A good friend of mine used to joke that "only boring women keep clean houses," and being anything but boring myself, I have always vowed to pay someone to do my cleaning if I could ever afford to do so. But I got a rude awakening when I triumphantly posted in my Livejournal that I'm paying my new maid 500 ringgit a month for eight hours a week of labor. To see my actual cost, divide that by 3.5. When I posted that blog, I did so with the idea that my American friends would be jealous, a rare occasion because having a maid is one of the few perks of living in Malaysia. Instead, my friends informed that this 40-yr old woman will be make $4.46 an hour, making me a sweat shop slave driver.
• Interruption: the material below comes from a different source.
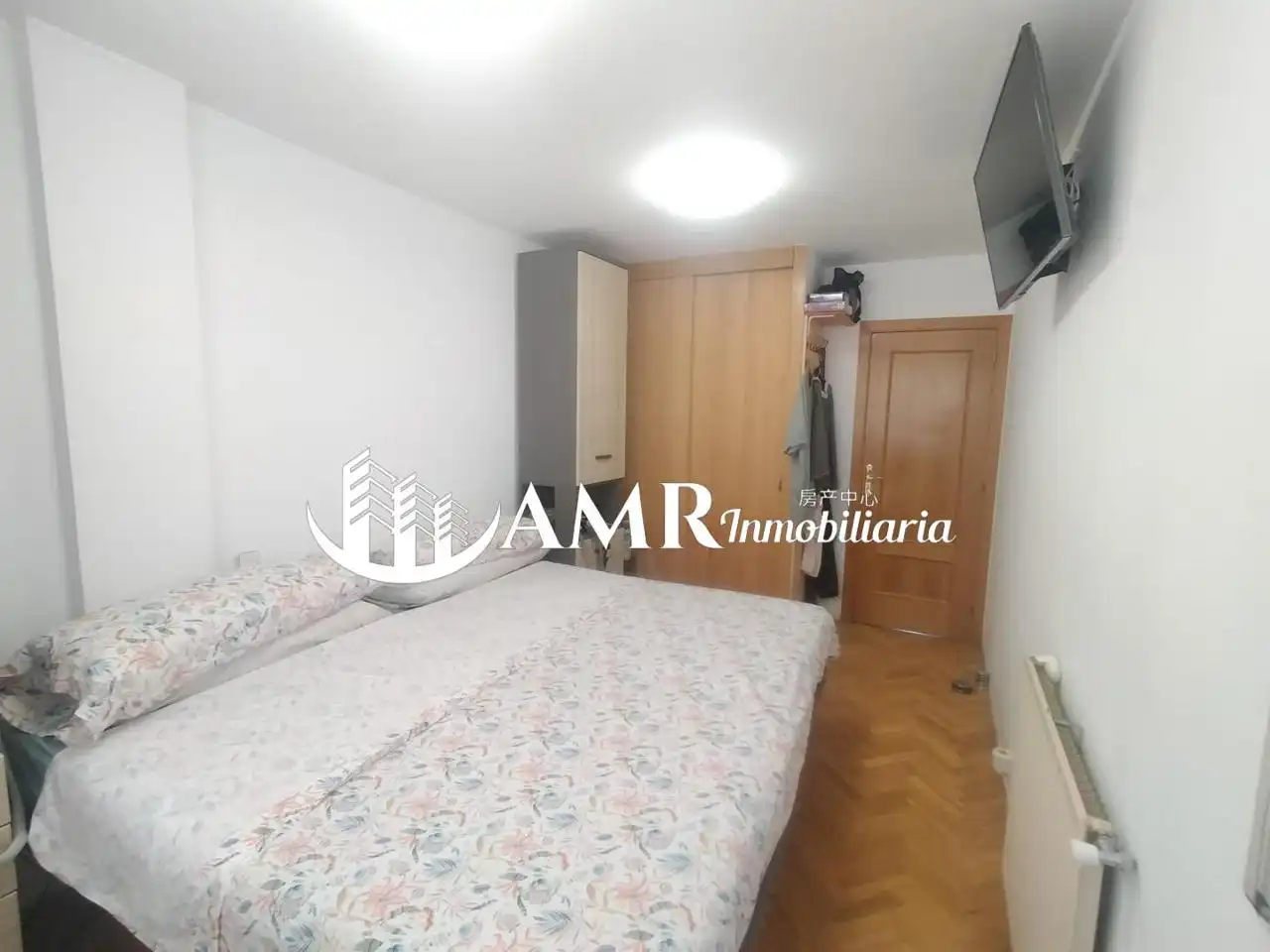 Habitación de Dúplex en venta en Fuenlabrada con Aire acondicionado, Calefacción y Parquet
The money I am giving her is what she asked to be paid for the amount of work that she proposed to do, though, so what that amount meant hadn't entered my mind. And I have the air conditioning on with NPR's All Things Considered in the background. Surely she could do worse.
My conscience was unsettled, though, so I decided to check up on whether she's getting a good part-time wage for Malaysia. Actually, it appears that house maids are doing pretty well according to this salary guide. There currently is no minimum wage in Malaysia, but look at this article which proposes a minimum wage of 1,200 ringgits. My maid earns almost half of that for eight hours a week. If she has two other houses, she's doing better than that, and if she works 40 hours a week, she's making almost double what authorities here think is a living wage. Despite what you might think, by paying maids so highly, we are empowering these women in a market where their unskilled labor would earn far less in other sectors.
But if all of this is true, then why do I feel like I am doing something wrong? I boycotted Nike shoes and Taco Bell tomatoes back in the day because of labor abuses. Of course, my house cleaning is hardly a matter of out-sourcing U.S. jobs or paying illegal immigrants less than locals. In fact, I am paying her more because it's possible to get Indonesian girls to work for you full-time for 500 ringgits. But do I only make myself feel better by saying "Oh, but someone else is worse!" Or am I legitimately doing what any overseas employer does, which is to pay the local going rate? Methinks I doth protest too much.